--- SOURCE DATA ---

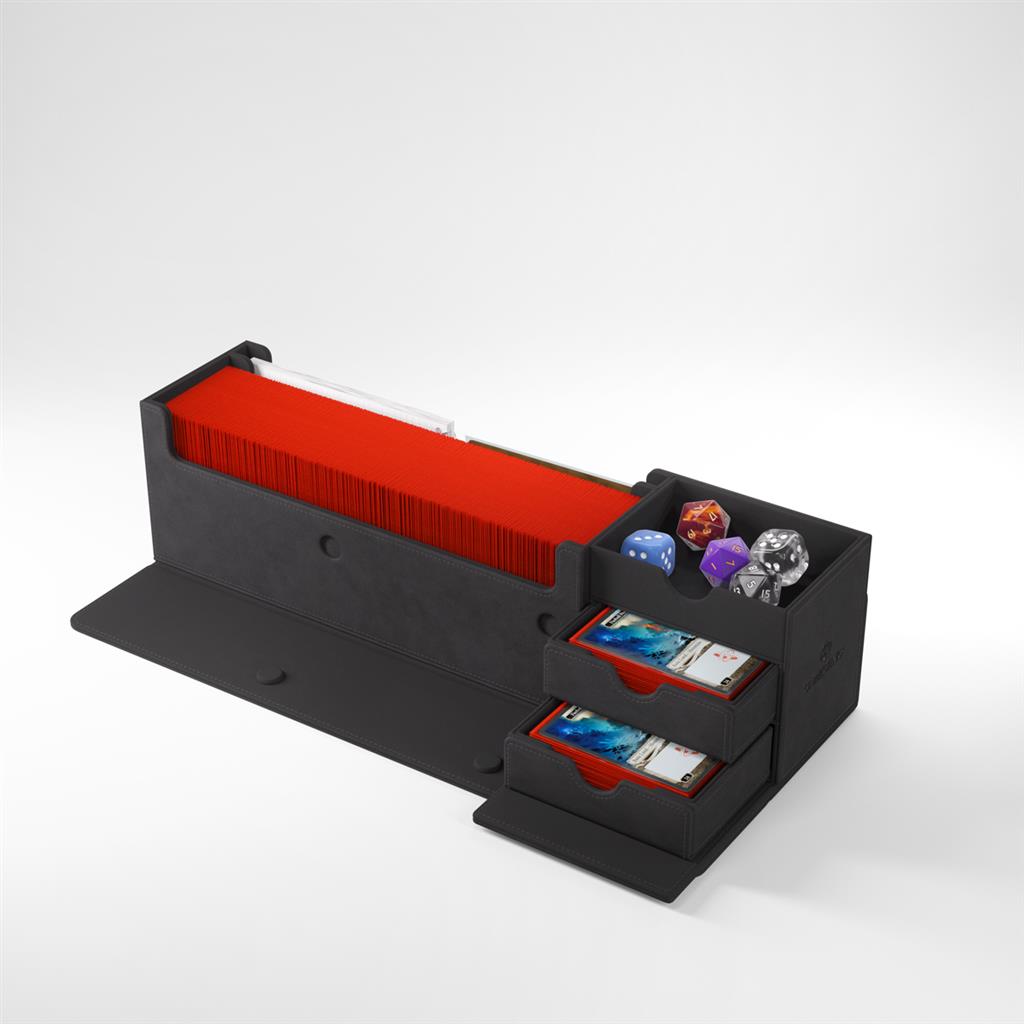 [BF-89422] Gamegenic - Cards' Lair 400+ Black
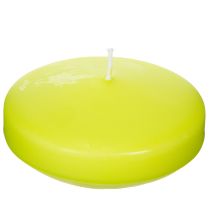 Artikel Flytande ljus, mångsidiga dekorationsalternativ för eleganta bordsdekorationer och evenemang, 8 cm, 8h, 8 st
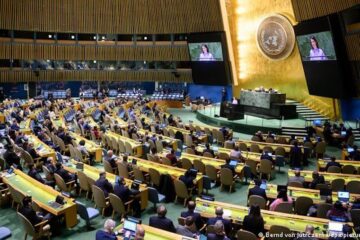 Asamblea General de la ONU pide retirada rusa de Ucrania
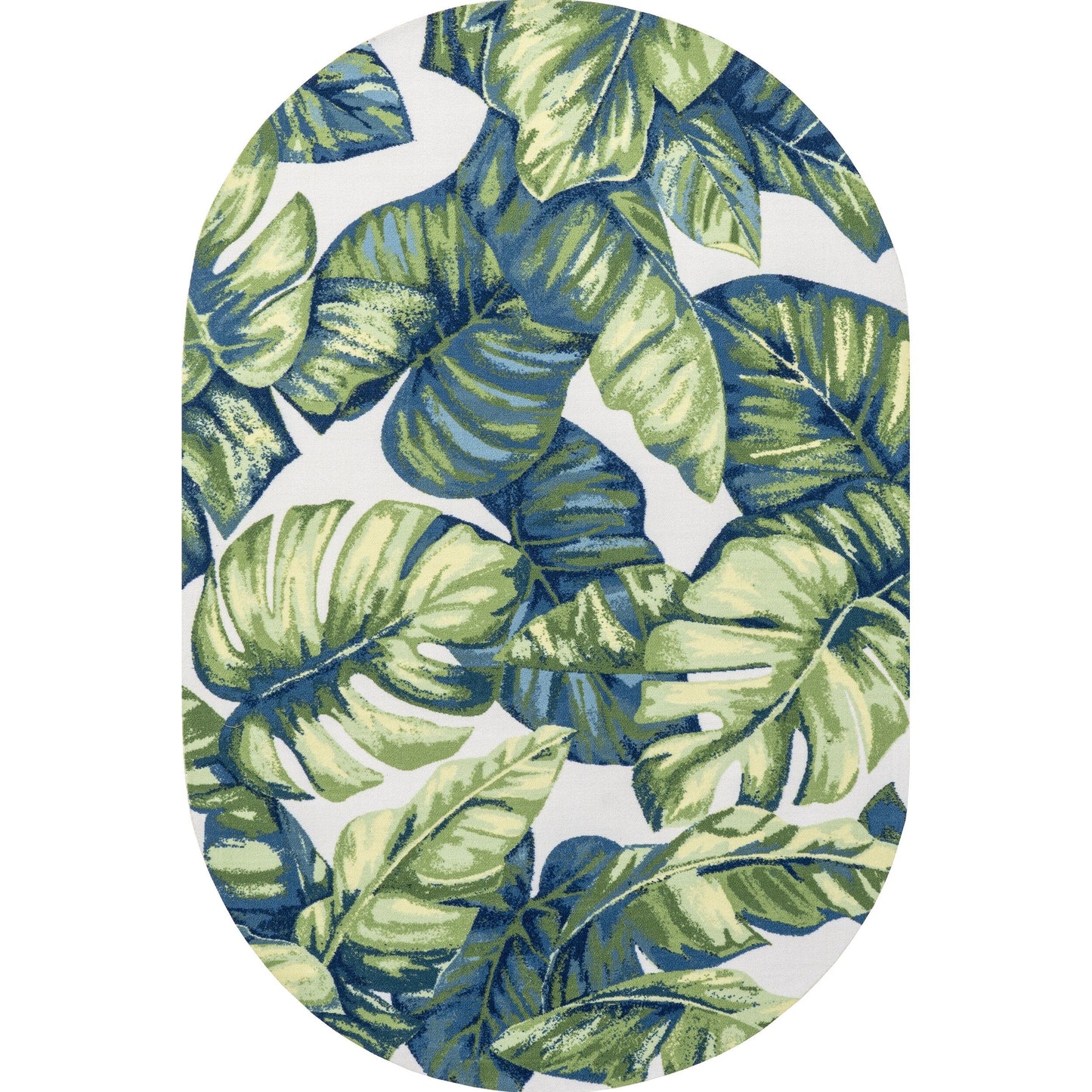 Tappeto per interni/esterni Nuloom Heidi Tropical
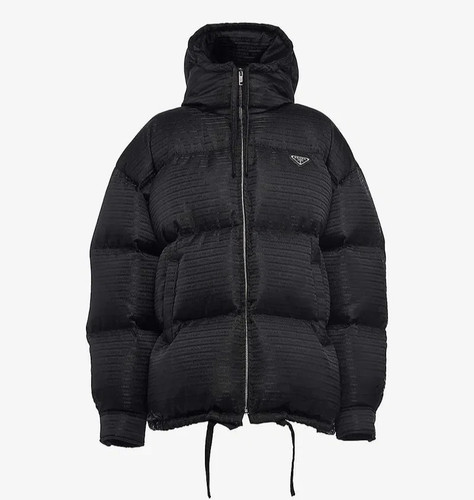 Prada puffer down jacket - jacket,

---

__WHAT THE TASK ASKS__. From the line containing "Artikel Flytande ljus, mångsidiga" down to the final line of the material, restate every line word for word, and only those; drop the pictures.

__RESPONSE TO THIS TASK__.
 Artikel Flytande ljus, mångsidiga dekorationsalternativ för eleganta bordsdekorationer och evenemang, 8 cm, 8h, 8 st
 Asamblea General de la ONU pide retirada rusa de Ucrania
 Tappeto per interni/esterni Nuloom Heidi Tropical
 Prada puffer down jacket - jacket,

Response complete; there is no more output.